Y en esta perspectiva integral que nos propone la simultaneidad de las aperturas a uno mismo, a los demás y el entorno, el autocuidado es acoger, proveer, proteger y nutrir todo el entramado vital que nos acoge, provee, protege y nutre; viviendo una vida en reciprocidad.  

Esto se torna más importante y urgente dada la crisis civilizatoria por la que estamos atravesando los humanos, con serias consecuencias para el medio ambiente, comprometiendo como nunca antes la viabilidad de la especie humana y heredando a las futuras generaciones un cúmulo de condiciones adversas.

Leonardo Boff y otros profetas contemporáneos advierten de la necesidad de una revolución espiritual para superar esta crisis civilizatoria —cuyos impactos son personales y colectivos— y cimentar un futuro factible para la humanidad.

Hoy el mundo necesita una ética apropiada en el doble sentido del término.
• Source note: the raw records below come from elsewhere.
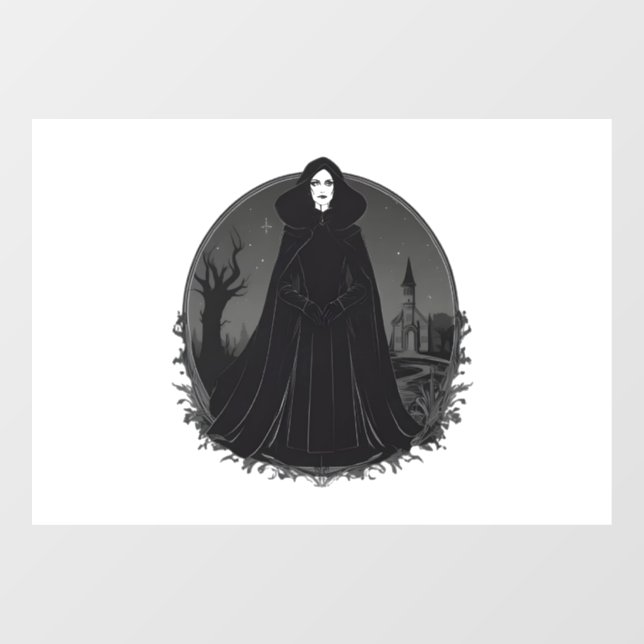 Gothic Salem Witch at Midnight Window Cling (Sheet)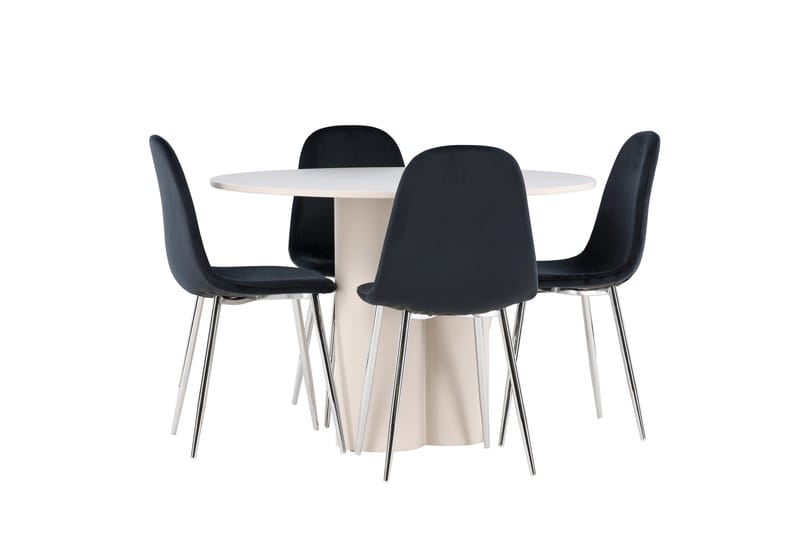 OLIVIA Matgrupp 110 cm Rund Beige med 4 Polar stolar Svart - Möbler - Matplats - Matgrupp & matbord med stolar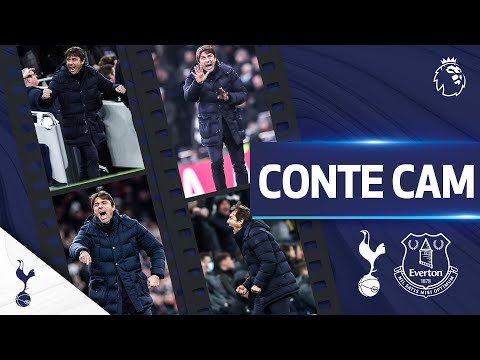 Les réactions d'Antonio Conte sur la ligne de touche d'un affichage cinq étoiles |  CONTE CAM |  Spurs 5-0 Everton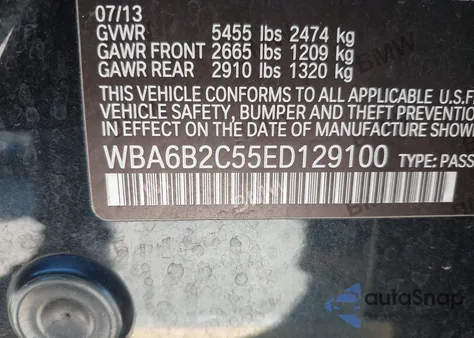 2014 BMW 650I Gran Coupe из США, поврежденный, VIN WBA6B2C55ED129100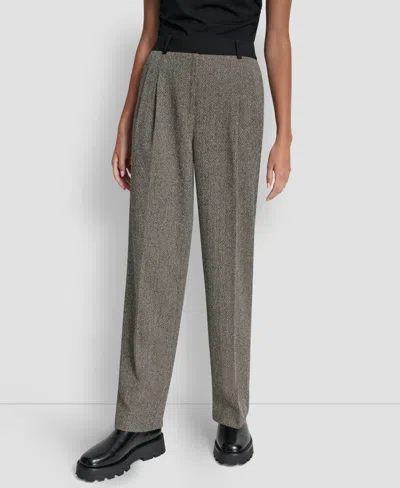 Dkny Petite Double Pleat Trousers In Animal Print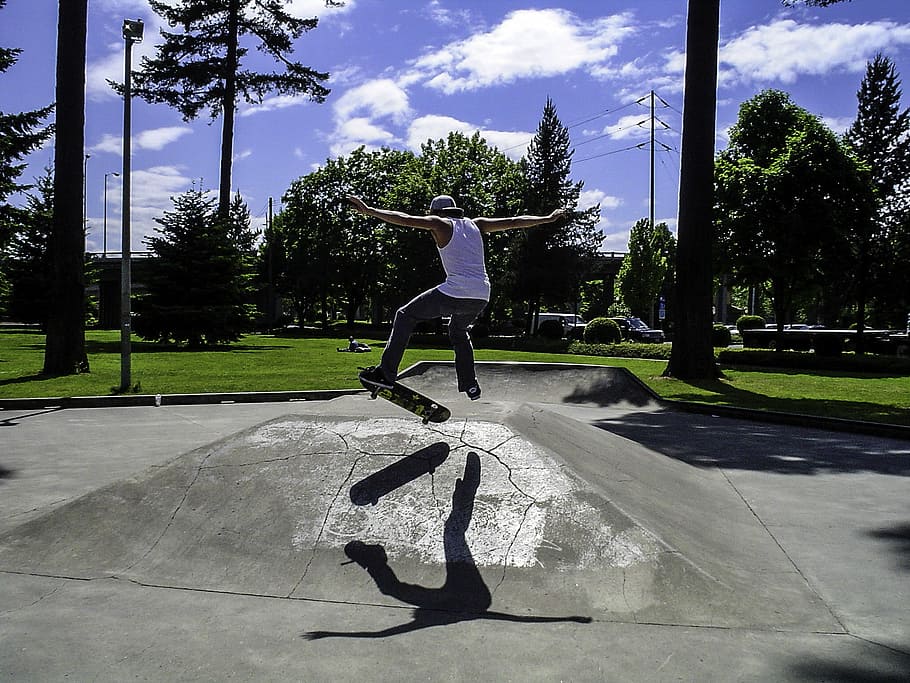 Salem, Oregon, Skateboarder, Marion Park, foto, fotos, dominio público, Estados Unidos, al aire libre, deporte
Que sea propia de las circunstancias que vivimos —se ajuste y responda a—: una crisis civilizatoria que urge ser superada so riesgo de la extinción de la especie humana —lo que sería una verdadera pena—, y que clama por justicia a millones de seres humanos que sufren condiciones inhumanas de vida en el presente. Y en el otro sentido, una ética que cada persona pueda hacer suya, apropiársela en su forma de estar en el mundo, haciendo de su vida una vida comprometida con el buen vivir colectivo.

Se trata de la solidaridad vivida en modo de empatía y compasión hacia nuestros congéneres y otras especies, y respeto a la casa común, haciéndonos cargo de las consecuencias de nuestros actos en un estilo comunitario de vivir el cuidado; sin olvidar nunca que el ejercicio de la libertad supone ser responsables de las consecuencias de nuestros actos.

Vivir de esa manera es propio de quien cultiva la Inteligencia Espiritual.


  Dr. Rafael González Franco de la Peza

[1] Presentado en el Panel 2: El autocuidado como espiritualidad: posibilidad de la práxis cristiana, en el 5to Simposio de Teología y Pastoral: Saber cuidar y educar para cuidar: hacia una teología, espiritualidad y práxis del cuidado. El 27 de abril de 2022, organizado por el Centro Sofía de la Universidad del Sagrado Corazón en Santurce, Puerto Rico. Texto basado en la obra de mi autoría González-Franco de la Peza Rafael (2020) Inteligencia espiritual sin espíritus ni dioses. Autoedición.